A new study from Virginia Tech takes on the decades-old battle of which has more impact on evolution: genetic variation or natural selection.

In a study published in the latest issue of Evolution Letters, Virginia Tech researcher Joel McGlothlin has found that genetic variation can leave a much longer-lasting stamp on evolutionary patterns than was previously thought. Started when McGlothlin was a post-doctoral researcher at the University of Virginia, the study focuses on Anolis lizards, which McGlothlin and other scientists say are “icons” of adaptive radiation, an evolutionary pattern involving the origin of group of related species that differ in appearance and ecological role.

“Different anoles species have evolved different traits that allow them to live in different habitats such as in treetops or on tree trunks,” said McGlothlin, an associate professor in the Department of Biological Sciences, part of the Virginia Tech College of Science. “During the past 40 million years or so, species with body types fitting them into these habitats have evolved several times across different islands in the Caribbean. This suggests that natural selection has had similar effects on evolution under similar conditions.”

However, scientists know that natural selection doesn’t always push a species in the optimal direction, McGlothlin said. Because natural selection works with existing genetic variation, evolution can be “constrained” by genetics. For example, if some traits are not as heritable as others, they may evolve more slowly. Also, when traits are correlated with each other — such as arm length and leg length — it may be more difficult for them to evolve on their own, he added. Although these constraints are important over a few generations, whether they are important over millions of years of evolution is more controversial.

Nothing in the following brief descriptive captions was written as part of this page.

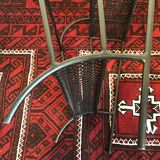 End of 60s metal sofa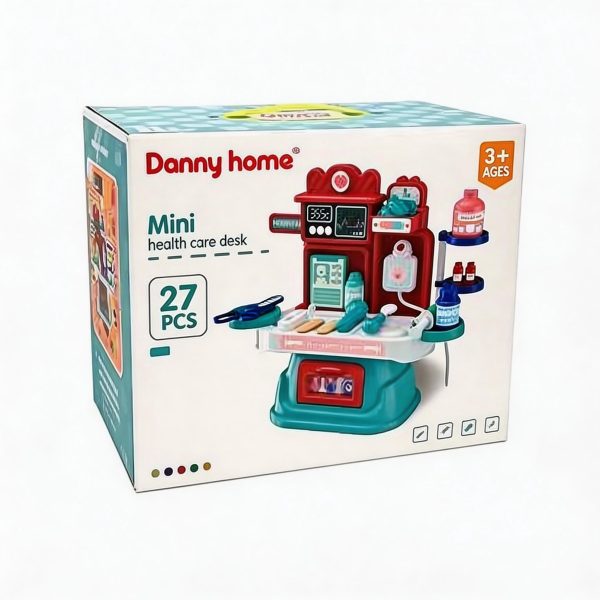 Set de doctor infantil 27 piezas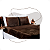 Lençol De Cama Padrão E Fronha De Plush Para Dias Frio 3 Pçs - Imagem 7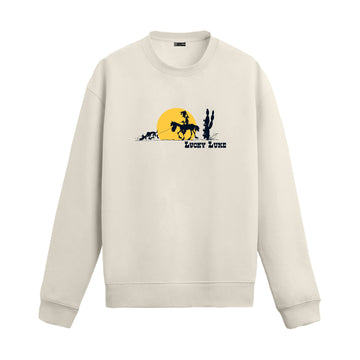 Premium Sweatshirt "Lucky Luke"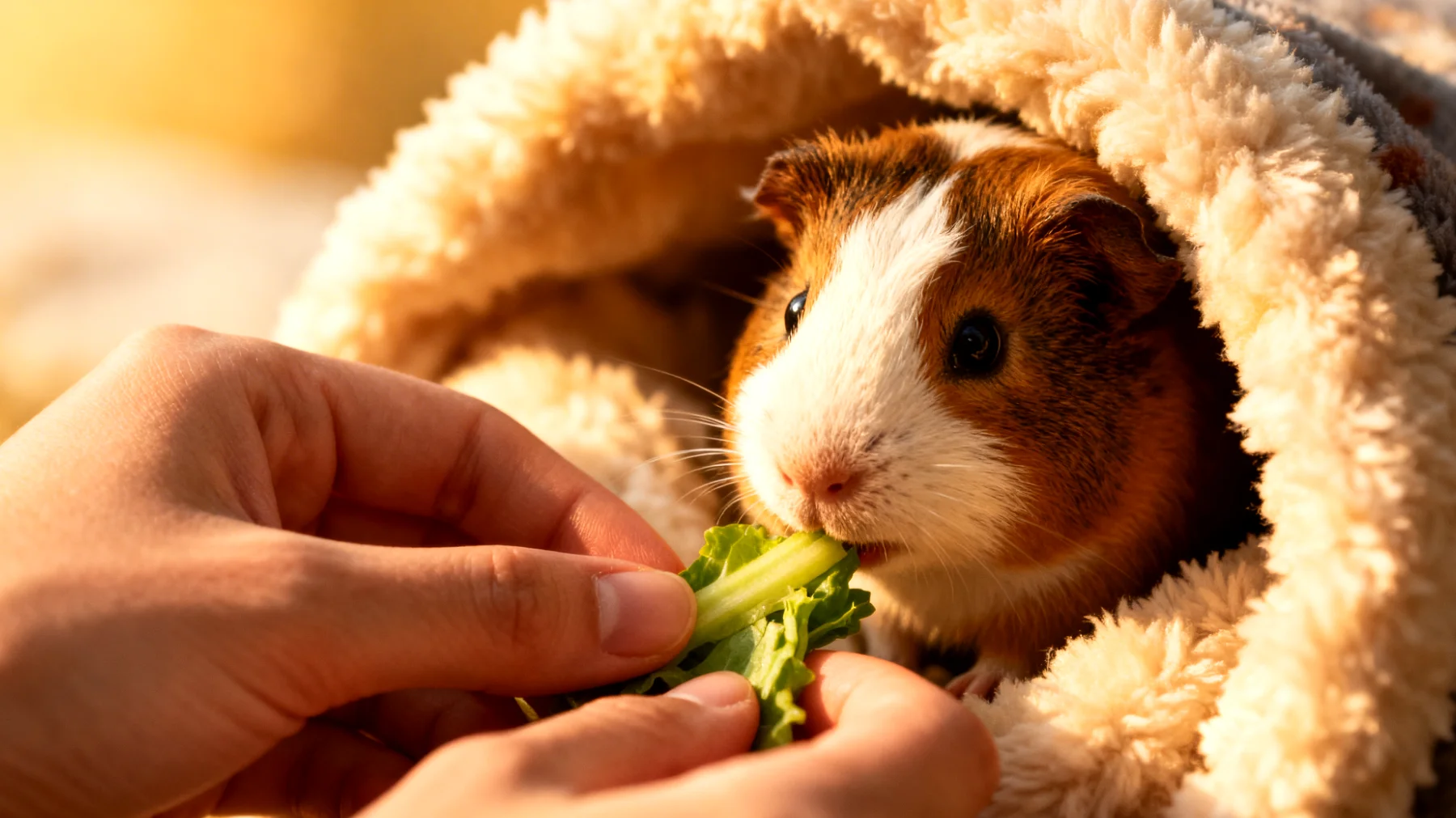 Meerschweinchen-Welpen benötigen eine altersgerechte tägliche Routine mit häufigeren, kleineren Fütterungen, sanfter Eingewöhnung an Handhabung und kürzeren Spielphasen, um gesundes Wachstum und Sozialverhalten zu fördern"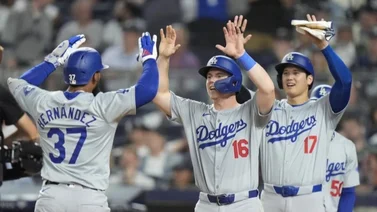 MLB: Dodgers ganan su tercer juego de la SCLN y ponen en jaque a los Mets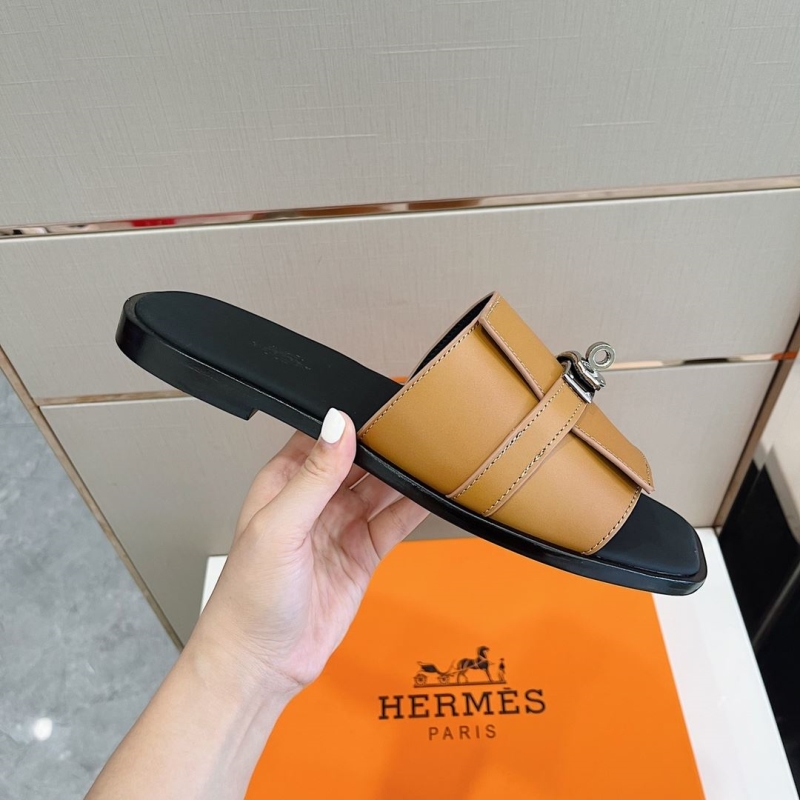 Hermes Slippers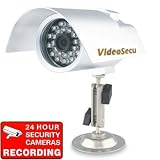41nPg4H25VL. SL160  VideoSecu Outdoor Day Night CCD IR Home Security Infrared Color Bullet Digital Camera IRE20 free surveillance DeCal 1QF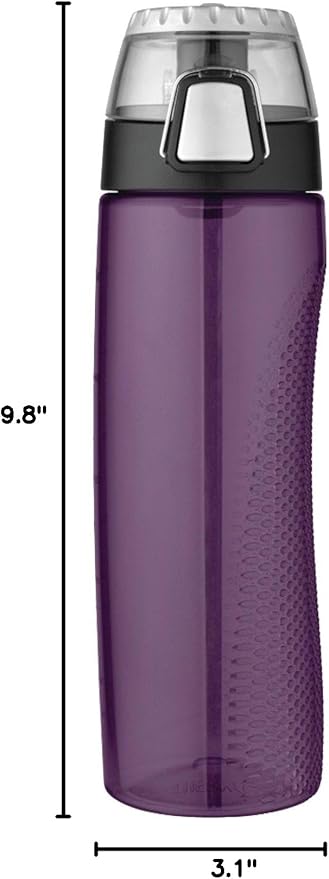 Thermos Intak 24-Ounce Tritan Hydration Bottle, Purple
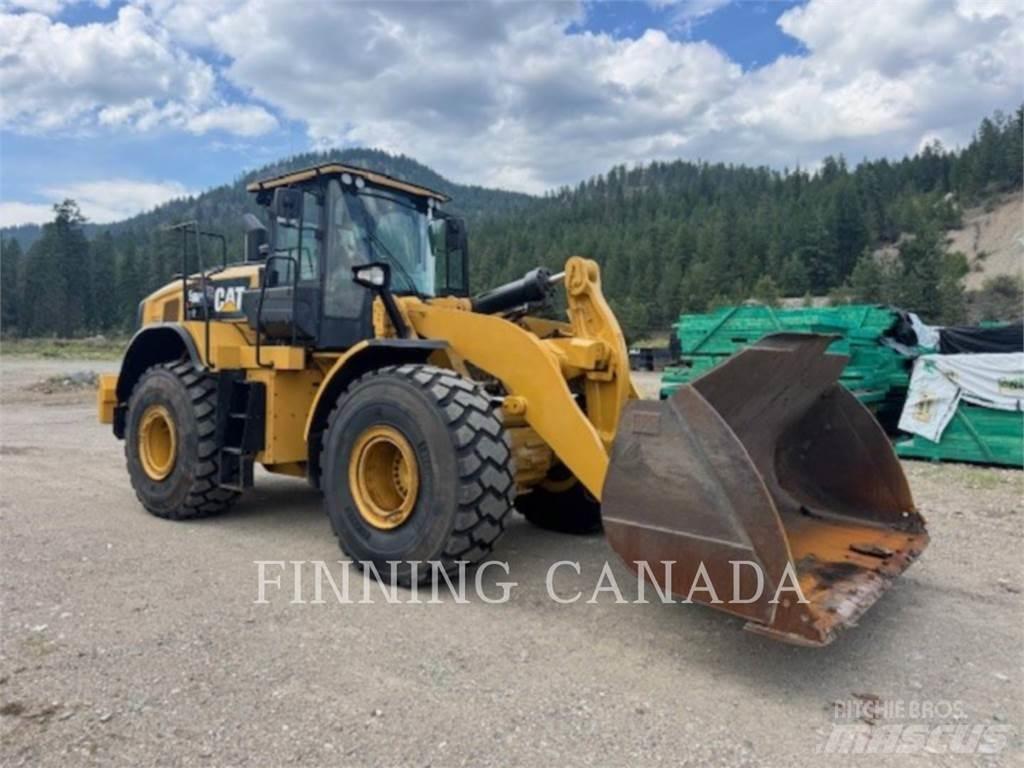 CAT 966M XE Naudoti ratiniai krautuvai
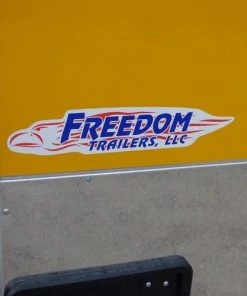 8.5' x 14' Concession Food Trailer Yellow Event Catering -Cheap Concession Trailers Shop p1230166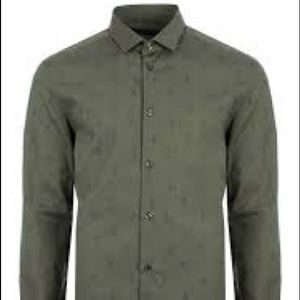 Versace Collection Medusa Emblem Dress Shirt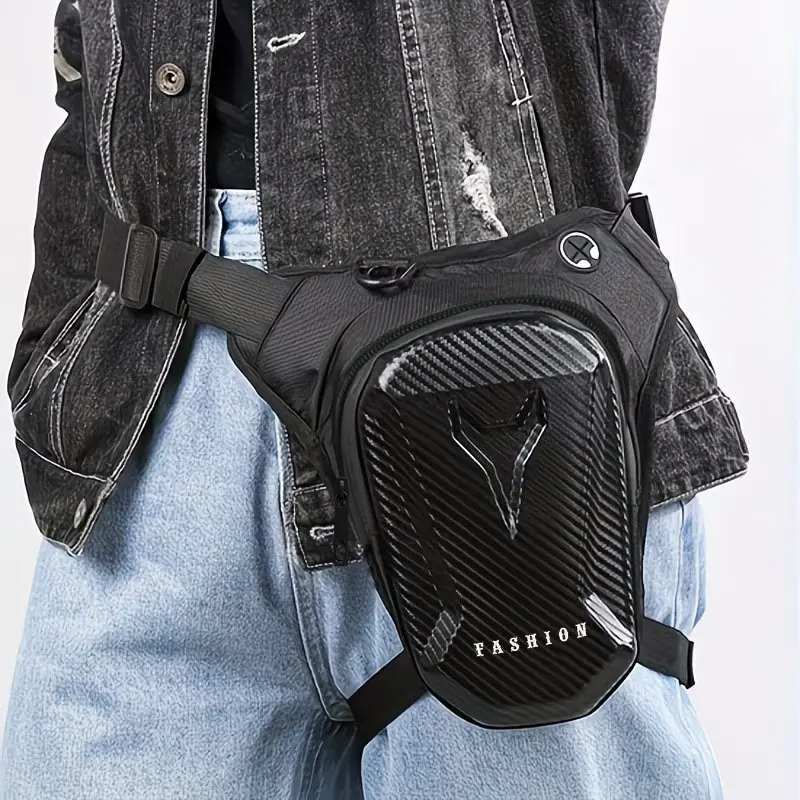 Motorcycle Leg Tank Bag Waterproof Waist Pack Crossbody Rider Biker Drop Thigh Motocross Moto Gear Men Women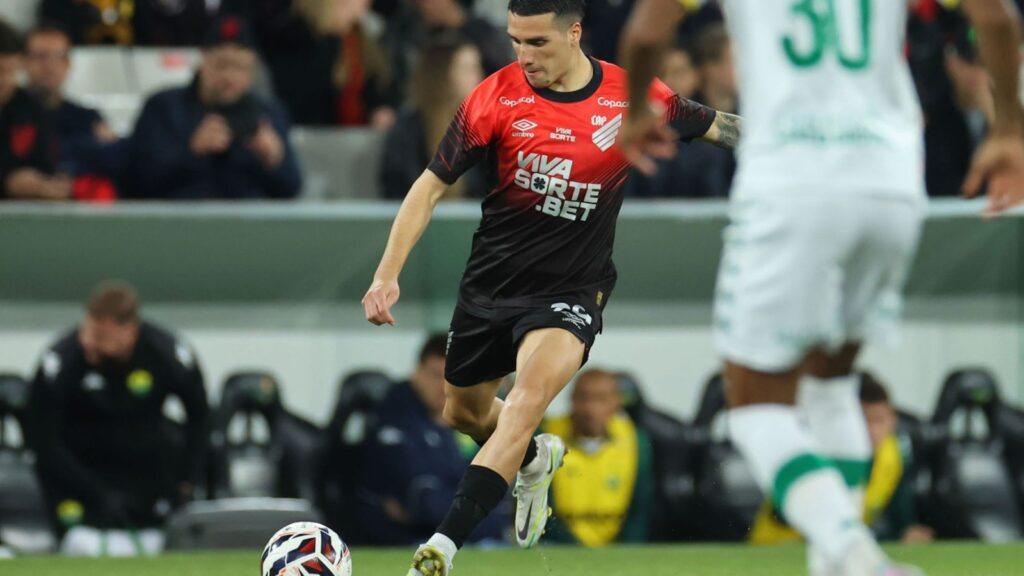 (Foto: José Tramontin/athletico.com.br)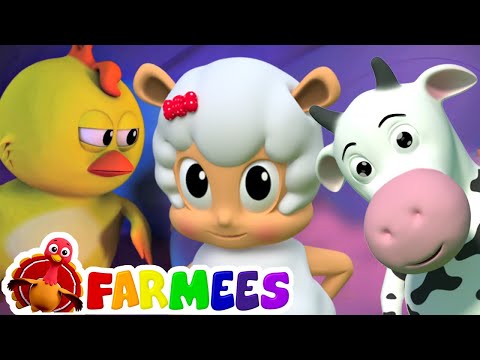 dez no poema cama | crianças canções | canção de ninar para crianças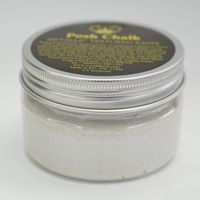 Posh Chalk® TEXTURED Metallic Paste 110ml - PEARL WHITE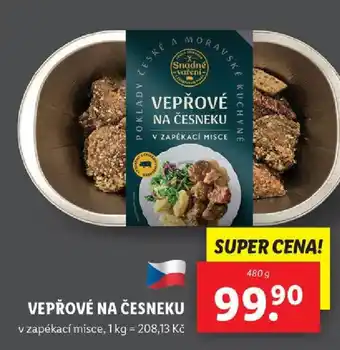 Lidl VEPŘOVÉ NA ČESNEKU nabídka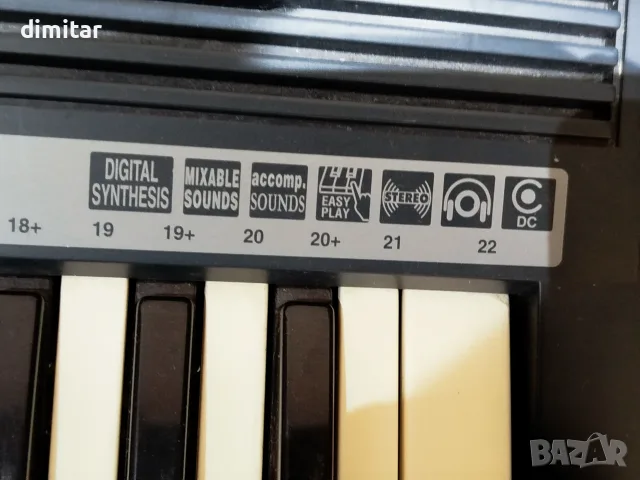 Синтезатор  BONTEMPI FARFISA GT -960 , снимка 7 - Синтезатори - 55986173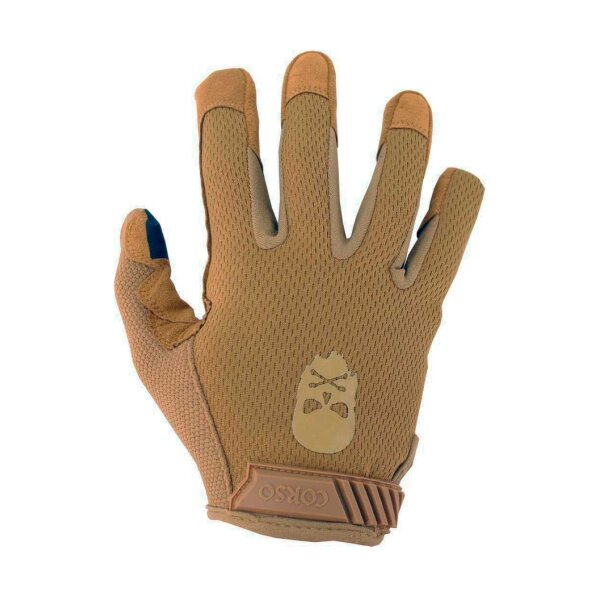 CORSO Gloves Skull MK2 skull Tan - Size M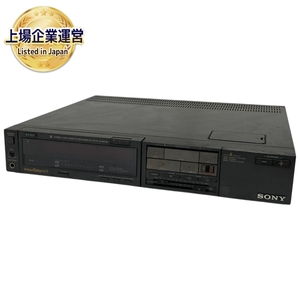 SONY SL-HF705 ビデオデッキ betamax ベータマックス ソニー 家電 ジャンク O9428882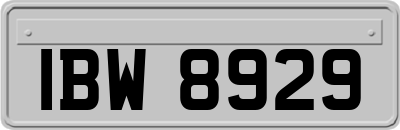 IBW8929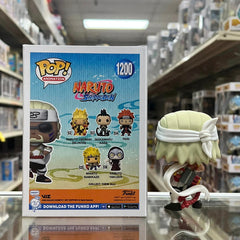 Funko Pop! Animation: Naruto - KILLER BEE Vinyl Figure #1200 ENTERTAINMENT EARTH EXCLUSIVE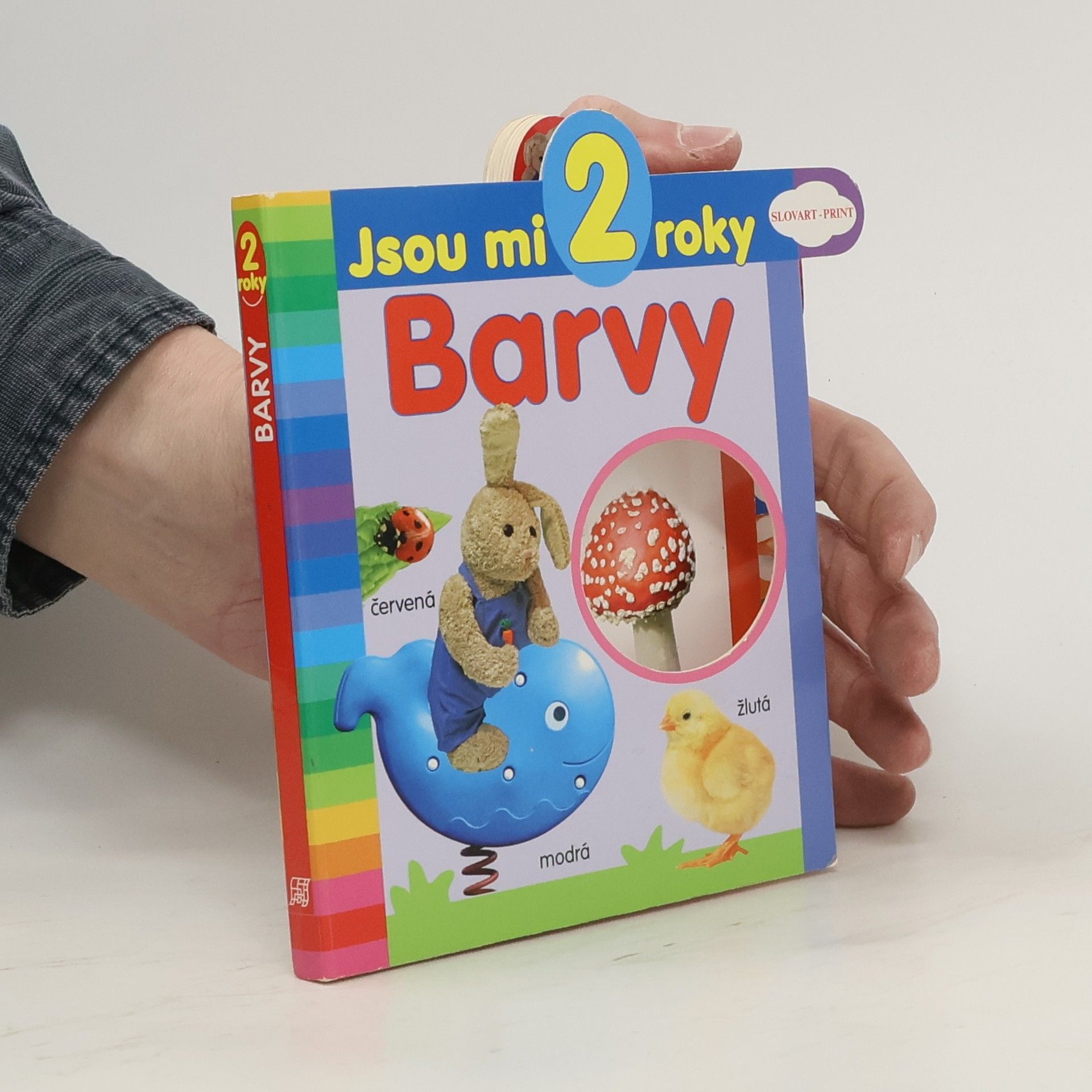 Slovart Jsou mi 2 roky. Barvy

McGlothlin and his team sought to disentangle the roles that natural selection and genetic constraints played in the evolution of body shape among anoles. “What we found was the species become differentiated from each other in ways predicted not only by their habitat, but also by patterns of genetic variation,” McGlothlin said. “Traits that were more genetically variable showed greater evolutionary changes across species. We were really surprised that we still saw this pattern when looking across 40 million years of evolution.”

Anolis evermanni lizard
An Anolis evermanni lizard, photo courtesy Edmund D. Brodie III.

In the study, McGlothlin and his team — which included Edmund “Butch” Brodie III, a professor at the University of Virginia and McGlothlin’s former postdoctoral mentor, and Jonathan Losos, a professor of biology at Washington University in St. Louis, Missouri — measured patterns of genetic variation for body-shape traits in seven different species of anoles and compared it to how traits evolved across species. The team also included several undergraduate students from several universities.

They collected adult lizards from Puerto Rico, Jamaica, and the Bahamas and bred them in the lab to produce thousands of offspring. Measuring traits, such as head shape and limb length, in these offspring allowed the researchers to measure how much trait variation was due to heritable differences that could be passed down from parent to offspring.

The team found another surprising result: The relationship between genetic variation and evolution was maintained even though the genetic variation they measured also changed across evolutionary time. Their analysis suggests that that genetic variation isn’t just passive material for natural selection. Instead, it seems to co-evolve with the traits themselves, perhaps changing in response to selection.

“When we began this study, we thought we might be able to provide strong evidence favoring either selection or constraint, but instead, we may have demonstrated just how difficult they are to separate,” McGlothlin wrote in a blog post for Evolution Letters. “At least in anoles, constraint shapes the evolutionary response to selection, but also evolves in response to selection in such a way to keep the two entwined. Perhaps it’s this never-ending creative dance that makes evolution so interesting in the first place.”

The study of these lizards can help scientists understand the evolution of other species, said McGlothlin, who is an affiliated member of the Fralin Life Science Institute’s Global Change Center. “Our results are pretty general, and I wouldn’t be surprised if we saw similar patterns if we looked genetic variation in humans and our closest relatives,” he added.

McGlothlin is continuing to research the role of genetic variation in evolution. “Now, we are asking some similar questions using a single species, the brown anole,” McGlothlin added. “In that species, males and females are really different, and we’re trying to apply what we’ve learned about the evolution of different species to understand how males and females evolve to become different in appearance.”